Extract and count tags
First step in the analysis is to import the data (see Import Sequencing Data).
The next step is to extract the tags and count them:
Toolbox | Transcriptomics Analysis () | Expression Profiling by Tags () | Extract and Count Tags ()
This will open a dialog where you select the reads that you have imported. Click Next when the sequencing data is listed in the right-hand side of the dialog.
This dialog is where you define the elements in your reads. An example is shown in figure 28.34.
Figure 28.34: Defining the elements that make up your reads.
By defining the order and size of each element, the Workbench is now able to both separate samples based on bar codes and extract the tag sequence (i.e. removing linkers, bar codes etc). The elements available are:
- Sequence
- This is the part of the read that you want to use as your final tag for counting and annotating. If you have tags of varying lengths, add a spacer afterwards (see below).
- Sample keys
- Here you input a comma-separated list of the sample keys used for identifying the samples (also referred to as "bar codes"). If you have not pooled and bar coded your data, simply omit this element.
- Linker
- This is a known sequence that you know should be present and do not want to be included in your final tag.
- Spacer
- This is also a sequence that you do not want to include in your final tag, but whereas the linker is defined by its sequence, the spacer is defined by its length. Note that the length defines the maximum length of the spacer. Often not all tags will be exactly the same length, and you can use this spacer as a buffer for those tags that are longer than what you have defined as your sequence. In the example in figure 28.34, the tag length is 17 bp, but a spacer is added to allow tags up to 19 bp. Note that the part of the read that is extracted and used as the final tag does not include the spacer sequence. In this way you homogenize the tag lengths which is usually desirable because you want to count short and long tags together.
When you have set up the right order of your elements, click Next to set parameters for counting tags as shown in figure 28.35.
Figure 28.35: Setting parameters for counting tags.
At the top, you can specify how to tabulate (i.e. count) the tags:
- Raw counts
- This will produce the count for each tag in the data.
- Sage Screen trimmed counts
- This will produce trimmed tag counts. The trimmed tag counts are obtained by applying an implementation of the SAGEscreen method ([Akmaev and Wang, 2004]) to the raw tag counts. In this procedure, raw counts are trimmed using probabilistic reasoning. In this procedure, if a tag with low count has a neighboring tag with high count, and it is likely, based on the estimated mutation rate, that the low count tags have arisen through sequencing errors of the tags with higher count, the count of the less abundant tag will be attributed to the higher abundant neighboring tag. The implementation of the SAGEscreen method is highly efficient and provides considerable speed and memory improvements.
- Allowing indels
- Ticking this box means that, when SAGEscreen is applied, neighboring tags will, in addition to tags which differ by nucleotide substitutions, also include tags with insertion or deletion differences.
- Color space
- This option is only available if you use data generated on the SOLiD platform.

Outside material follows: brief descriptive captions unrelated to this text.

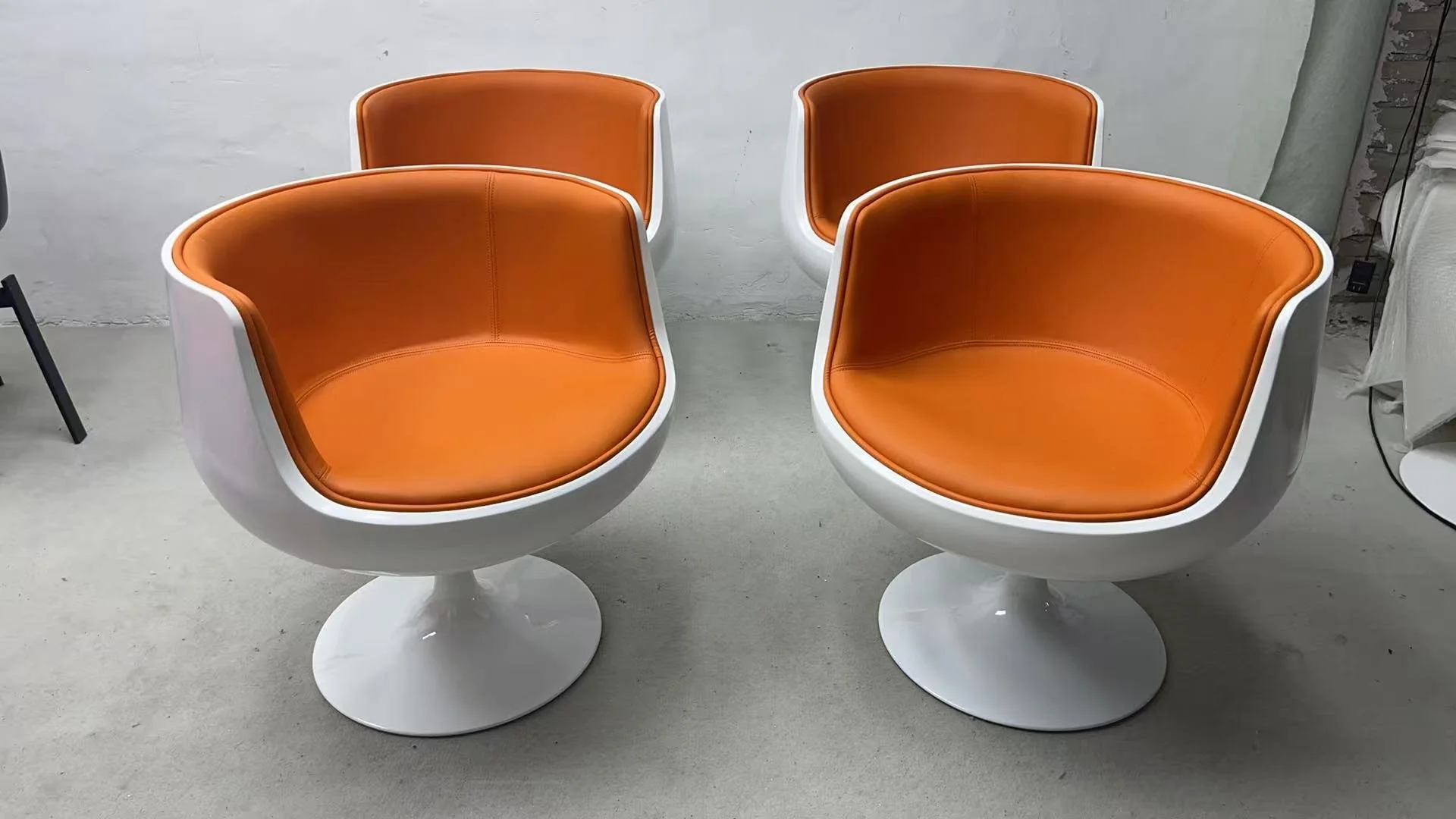 Coffee cup Chair dupe orange leather
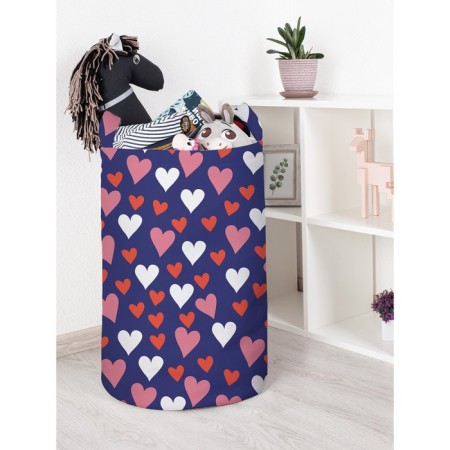 Basket for toys "Snowfall from hearts, size 40x60 cm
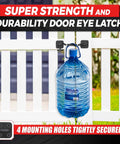 Adjustable 6 To 10 Inch Cabin Hook Eye Latch Gate With Heavy Duty 4 Point Bracket on a white fence with large water jug hanging
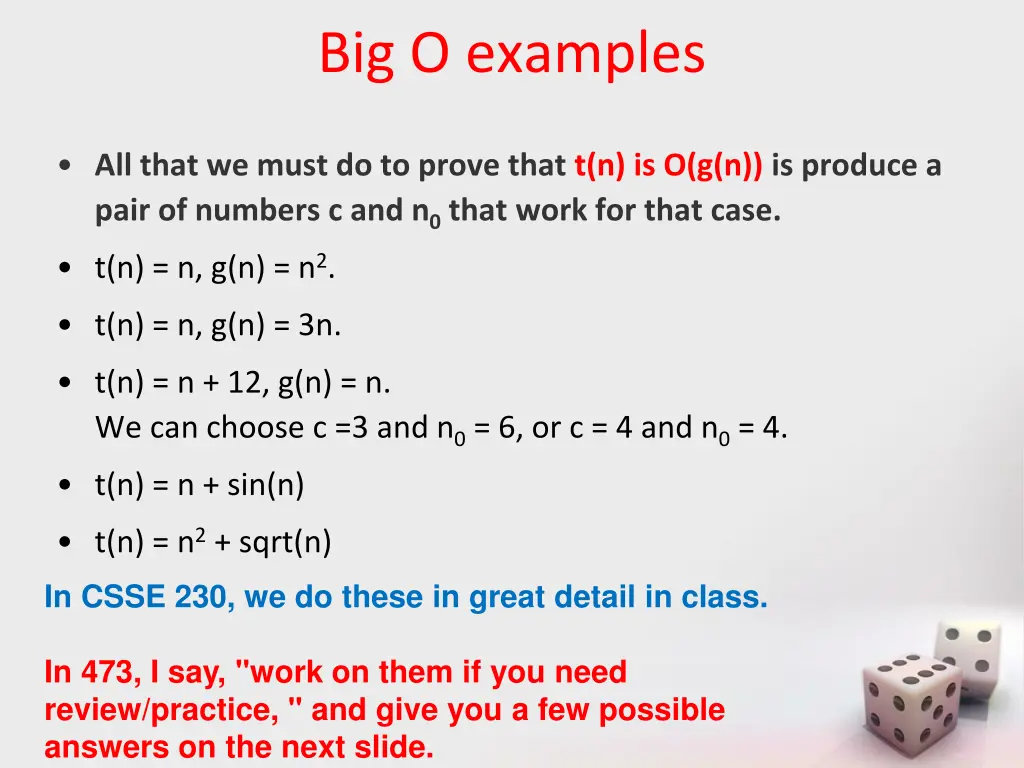 big o examples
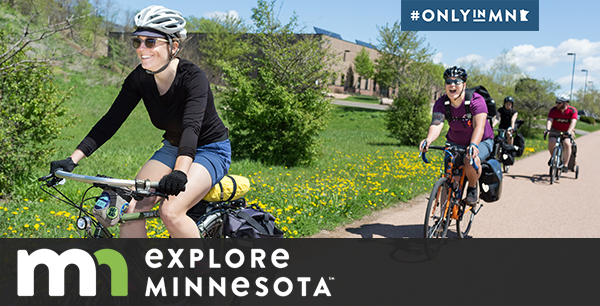 Bicycle tourists on the Bruce Vento Trail, St. Paul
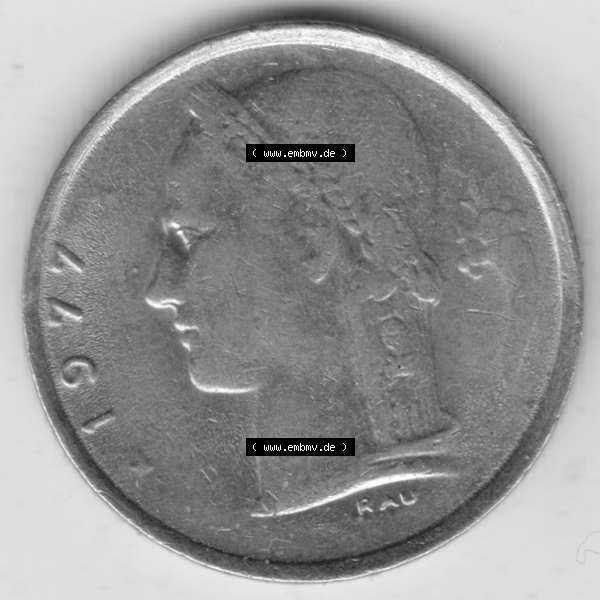 Grau bzw. s/w Münzen Belgien Umlaufmünze 1950-1988, 1 Francs-Franken 1977 Belgie. Rückseite der alten belgischen Francs Umlaufmünze aus Belgien vor Einführung der Euromünzen... Sammlung Graustufen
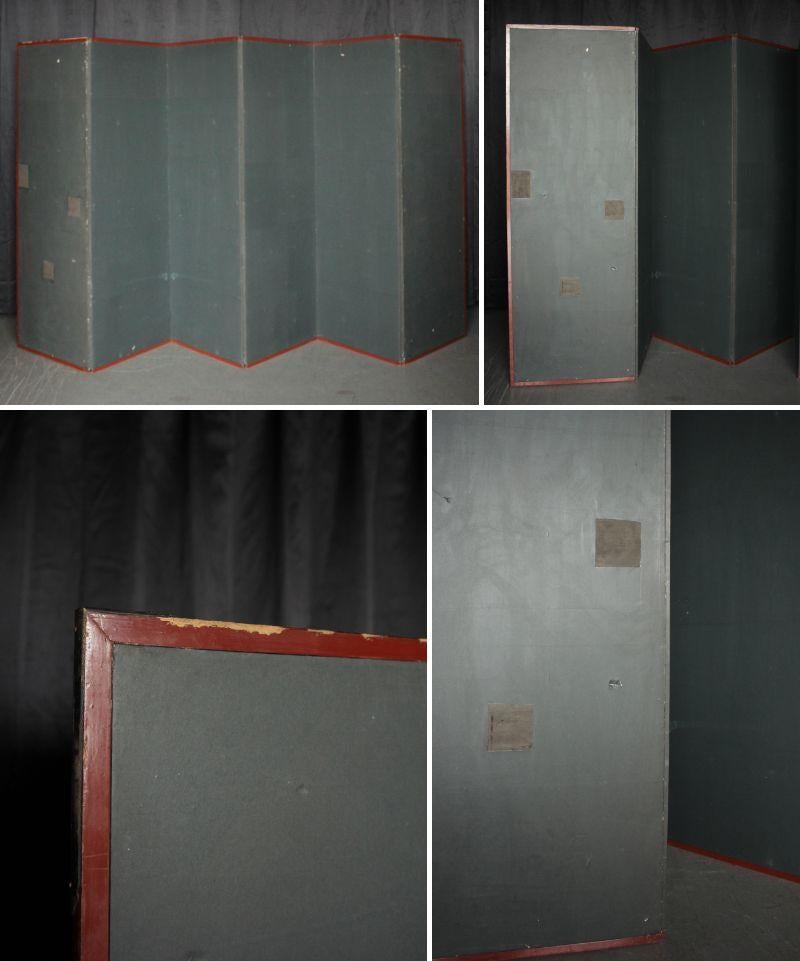 B2 Japanese Antiques Kano School, 6panel folding screen, Pine Tree and Pheasant For Sale 11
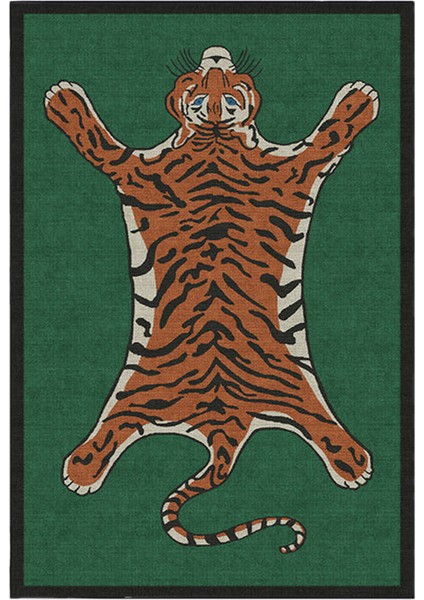 mira 990 Modern Kaplan Yeşil ve Bordür Detay Dokuma Taban Halı modelleri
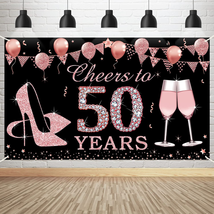 50Th Birthday Decorations Cheers to 50 Years Banner, Rose Gold 50 Year Old Birth - £18.86 GBP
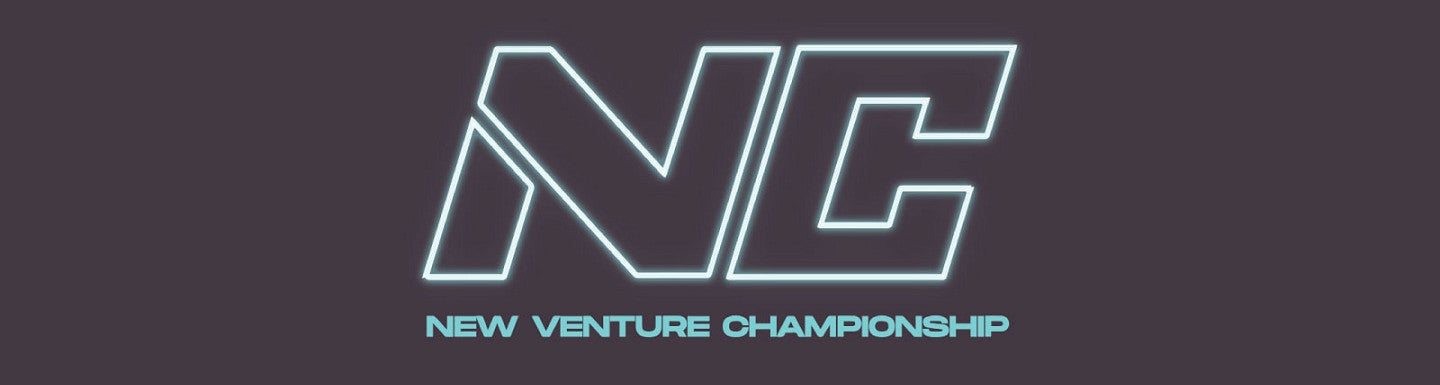 Illustration of New Venture Championship logo, which is a large NC with the V letter also part of the N. The entire logo is made to glow like a neon sign.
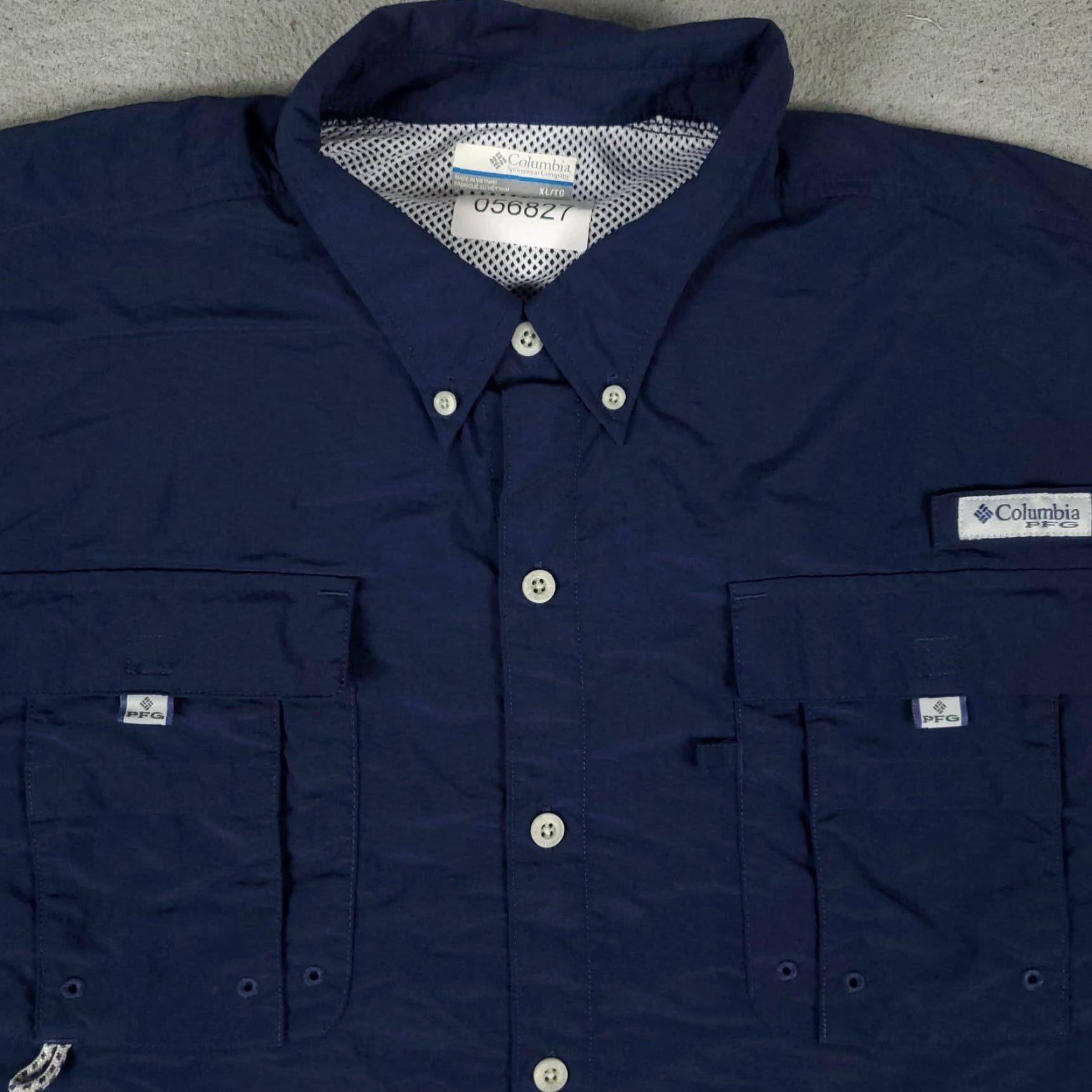 Vintage Columbia Shirt Mens XL Navy Blue PFG Vented Fishing Button Up Short Sleeve Size US XL / EU 56 / 4 - 2 Thumbnail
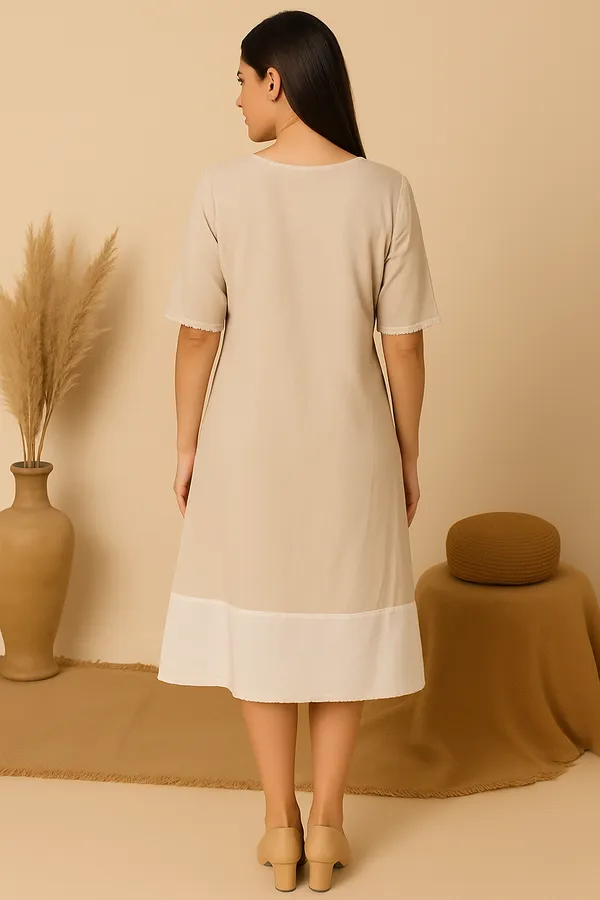 Beige_Cotton_Jute_1_Pocket_Floral_Dress_For_Women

Checking this option will perform the alignment in color space which is desirable because sequencing errors can be corrected. Learn more about color space in Color space.
Note! If more samples are created, SAGEscreen and the minimum threshold cut-offs will be applied to the cumulated counts (i.e. all tags for all samples).
Clicking Next allows you to specify the output of the analysis as shown in figure 28.36.
The options are:
- Create expression samples with tag counts
- This is the primary result showing all the tags and respective counts (an example is shown in figure 28.37). For each sample defined via the bar codes, there will be an expression sample like this. Note that all samples have the same list of tags, even if the tag is not present in the given sample (i.e. there will be tags with count 0 as shown in figure 28.37). The expression samples can be used in further analysis by the expression analysis tools for statistical analyses etc.
- Create sequence lists of extracted tags
- This is a simple sequence list of all the tags that were extracted. The list is simple with no counts or additional information.
- Create list of reads which have no tags
- This list contains the reads from which a tag could not be extracted. This is most likely bad quality reads with sequencing errors that make them impossible to group by their bar codes. It can be useful for troubleshooting if the amount of real tags is smaller than expected.
Figure 28.37: The tags have been extracted and counted.
Finally, a log can be shown of the extraction and count process. The log gives useful information such as the number of tags in each sample and the number of reads without tags.